Toda experiência é única, considerando-se o tempo em que ela ocorre. Como o tempo determina o espaço (e vice-versa), o lugar do que é experienciado nunca se repete (coisa que já se sabe há 25 séculos, desde Heráclito). O sujeito, por que muda a cada experiência, já não é o mesmo na próxima.
Escrevo isso (a título de introdução) para o registro de mais uma experiência vivida: participar do programa Expresso no Ar na Central FM. O Expresso começou no papel, como mídia impressa; ampliou-se no âmbito eletrônico, como hipertexto; e agora é debatido no rádio. Jornalismo 3.0. 
No início do programa, duas perguntas difíceis me fizeram titubear: 
- não adotar uma criança negra é racismo; e
- você acredita no destino.
A explicação da Sandra Siqueira de que não é racismo fechou a questão com chave de ouro. Destino existe como pseudoexplicação do acaso que não sabemos racionalizar. 
Depois minhas participações fluíram com naturalidade. 
Na segunda parte, tivemos a companhia do prefeito Júlio Ruivo, meu colega de aula nos anos de 1973-74. Ele falou do grande projeto que é a inclusão de Santiago como cidade educadora.  A décima quarta no Brasil. 

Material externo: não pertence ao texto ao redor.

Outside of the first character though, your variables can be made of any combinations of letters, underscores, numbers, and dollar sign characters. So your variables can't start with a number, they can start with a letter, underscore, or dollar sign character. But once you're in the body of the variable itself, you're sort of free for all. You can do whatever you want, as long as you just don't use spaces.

A experiência de ter participado de um debate diante dos microfones de uma rádio ficará retida para sempre em minha memória. Agradeço ao João Lemes pelo convite.

LIVROS

O caderno Cultura (ZH) deste sábado publica uma reportagem com os concorrentes ao Fato Literário 2010. A cada um foram feitas três perguntas:
1) primeiro livro que você leu;
2) livro que mudou sua vida; e
3) livro que sempre relê.
Os três escritores perguntados são Lya Luft, Aldyr Garcia Schlee e Kathrin Rosenfield.
Lya Luft:
1) contos de fada dos irmãos Grimm;
2) Grande sertão: veredas, de João Guimarães Rosa, e O continente, Erico Veríssimo;
3) os poemas (em alemão) de Rainer Maria Rilke.
Aldyr Garcia Schlee:
1) Ilíada (em espanhol), de Homero;
2) A educação sentimental, de Gustave Flaubert;
3) Dom Quixote, de Miguel de Cervantes.
Kathrin Rosenfield:
1) O casamento dos pássaros (autor não informado);
2) Grande sertão: veredas, de João Guimarães Rosa;
3) O homem sem qualidades, de Robert Musil.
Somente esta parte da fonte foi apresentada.